Ancora non abbiamo finito di piangere Flavio e Gianluca, che ci ritroviamo a piangere Maria Chiara… A quante giovani vite stroncate dobbiamo ancora dire addio, quanti padri e medri inconsolabili dobbiamo provare a confortare prima che si ponga fine a questa insensata mattanza di giovani vite e all’inesorabile decadimento di una intera generazione. Ammiriamo quanti sono dediti ad un’azione preventiva, repressiva e curativa della epidemia – pandemia della droga. Ma le forze in azione non sono sufficienti. Occorre la consapevolezza dei rischi, l’’energica azione educativa nelle famiglie, nelle scuole e nelle parrocchie, associazioni culturali, sportive. Noi adulti abbiamo la responsabilità di aprire prospettive reali per le giovani generazioni, prospettive impegnative e allettanti, non paradisi artificiali. Soprattutto testimoniare e donare nelle famiglie, nella società il vero amore, che è esigente e a volte da dire dei no. I giovani sanno percepirlo. E poi, un invito a sottrarre acqua alla sorgente, togliere la terra da sotto i piedi a spacciatori, grandi e piccoli mercanti di veleni, spacciati per paradisi ad ore.

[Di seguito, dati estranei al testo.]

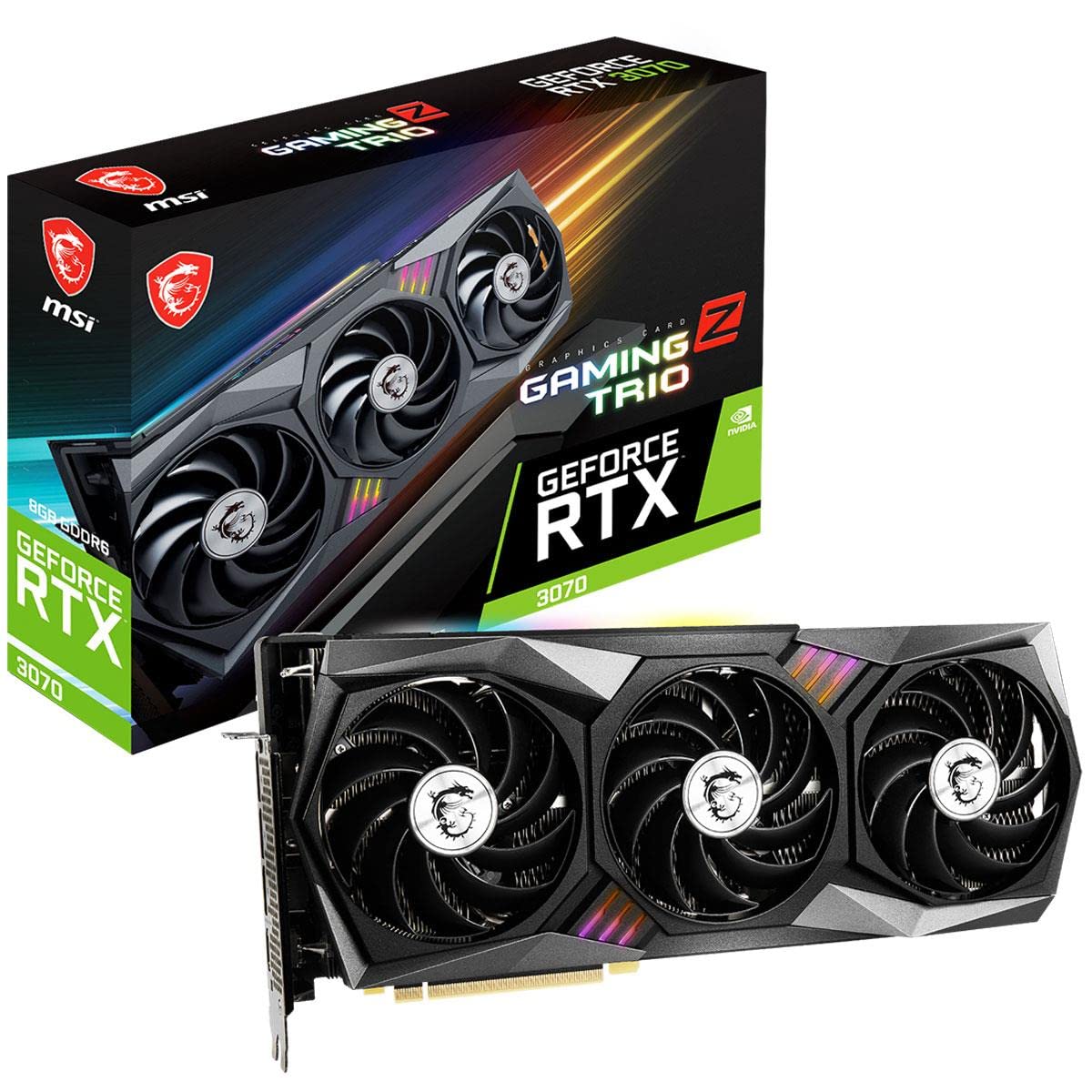 Amazon | MSI GeForce RTX 3070 GAMING Z TRIO 8G LHR グラフィックス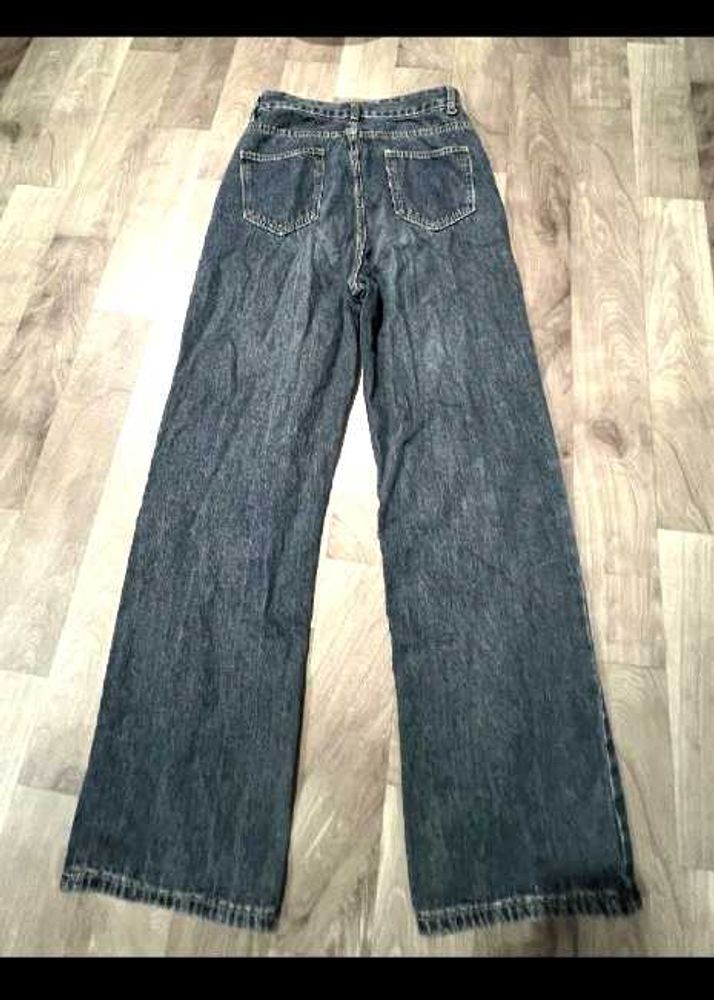 Wide Leg Dark Wash Denim Jeans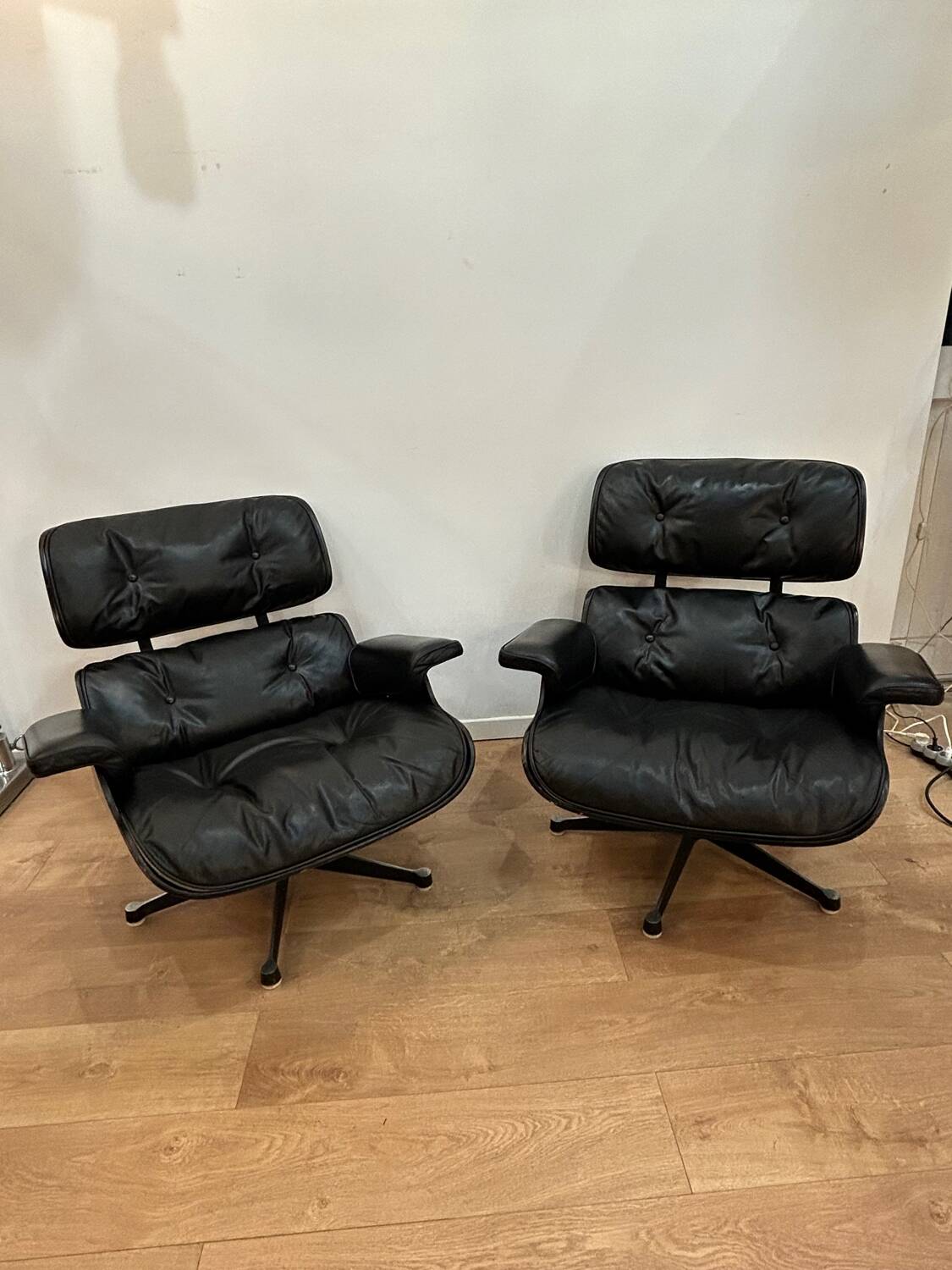Eames Lounge Chairs Pair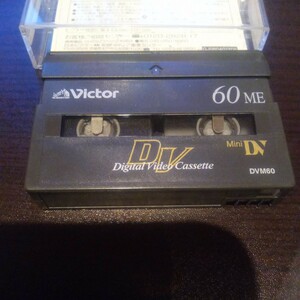 Victor miniDV ビデオテープ DVM60 ME ジャンク　管理番号2353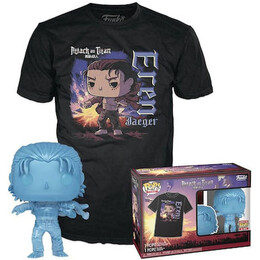 Funko Pop!  tee (Adult): Attack on Titan Final Season - Eren Jaeger (With Marks) Vinyl Figure and t-Shirt (m)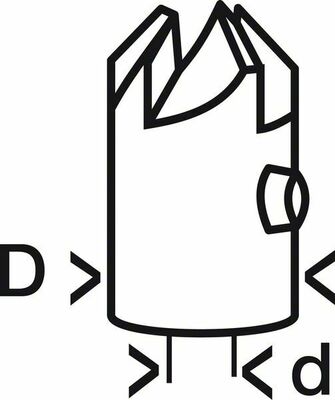 Bosch Power Tools Aufstecksenker für Holzspiralbohrer 5 x 2608585739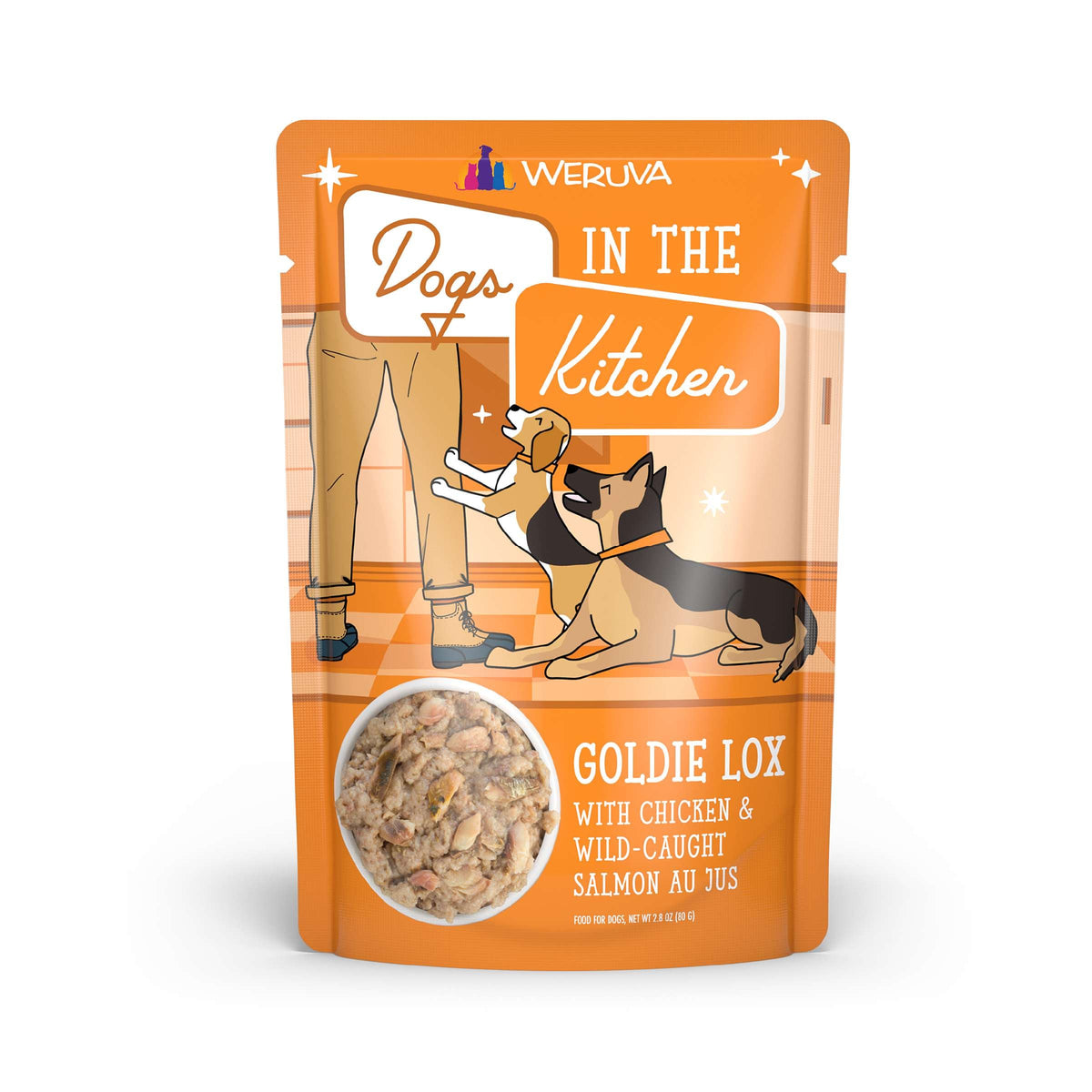 Dogs In The Kitchen Goldie Lox Chicken &amp; Wild Caught Salmon AU JUS Pouch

E smettiamo di ingannare la gente, chiamiamo per nome le cose: la droga, di qualunque genere, di qualunque dose è veleno, fa male, uccide; le modiche quantità, l’uso personale sono inganno e portano quasi sempre ad un punto di non ritorno, oltre che essere incentivo e allettamento per giovani inesperti e ingenui. Chiediamo che chi è rivestito di qualunque autorità politica, civile, sociale, religiosa dichiari guerra alla droga senza se e senza ma.

Ma nello stesso tempo tutte le agenzie educative attivino i loro laboratori per sostenere la voglia di vivere delle giovane e giovanissime generazioni.

La nostra è una voce flebile, appena percettibile, ma abbiamo fiducia che il bene alla lunga vince sul male. Non vogliamo rassegnarci.

La nostra forza risiede anche nella preghiera. Ed è ciò che facciamo questa sera.

Il Signore Gesù, doni forza e coraggio a chi promuove la giustizia e il bene. Doni conforto a tutti noi e la gioia eterna a Maria Chiara.